There are many methods of implementation, but I find Contextual Object Detection with a Few Relevant Neighbours (Barnea et al., 2017) to be an interesting read as well.

Not only can this help to defend against attacks, but can also strengthen the DNN’s accuracy when it comes to object detection, and further context refinements like in Context Refinement in Object Detection (Chen et al., 2018) are possible too.

3-Dimensional Attacks

With better renderers come better attacks. A particularly unique paper which introduced me to GANs was FCA: Learning a 3D Full-coverage Vehicle Camouflage for Multi-view Physical Adversarial Attack (Wang et al., 2021).

Here, adversarial attacks were raised to the third dimension by perturbing the surface of a car’s metal body.
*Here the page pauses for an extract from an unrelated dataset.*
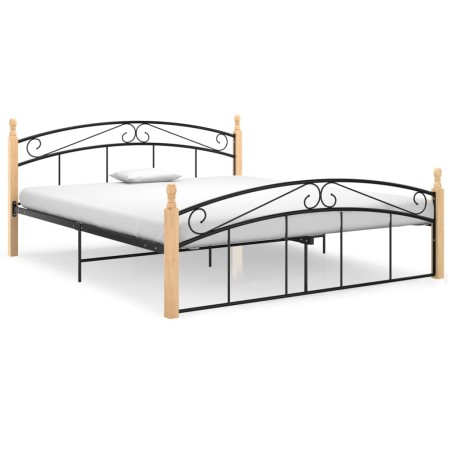 vidaXL Giroletto in Metallo Nero e Legno Massello di Rovere 160x200 cm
This car was then rendered in different backgrounds and viewpoint angles, which successfully caused missclassification, and in some cases, avoidance of detection altogether.

Definitely something huge. This could potentially change the game for camouflaging 3D objects. Where 2D attacks lack transferrability and permanence, this 3D form of attack was universal and can be applied to the same object in many different scenarios.

What comes next?

The introduction of 3D machine learning and rendering certainly brings out many use cases and room for development. Recent developments in attack methodology allow attacks themselves to potentially evade context-aware DNNs, which when coupled with the flexibility of 3D attacks, can result in total stealth and undetection of objects, especially in surveillance and in the military.

However, with stronger adversarial attacks come better DNNs. Evolution of DNNs was most certainly born out of vulnerabilities in previous models. It will definitely be exponentially harder to improve models as we approach the theoretical ceiling for model power and accuracy (if there even is one), but the feedback loop between adversarial attacks and model improvement is crucial if we were to ever have a chance to push models to the limits and beyond.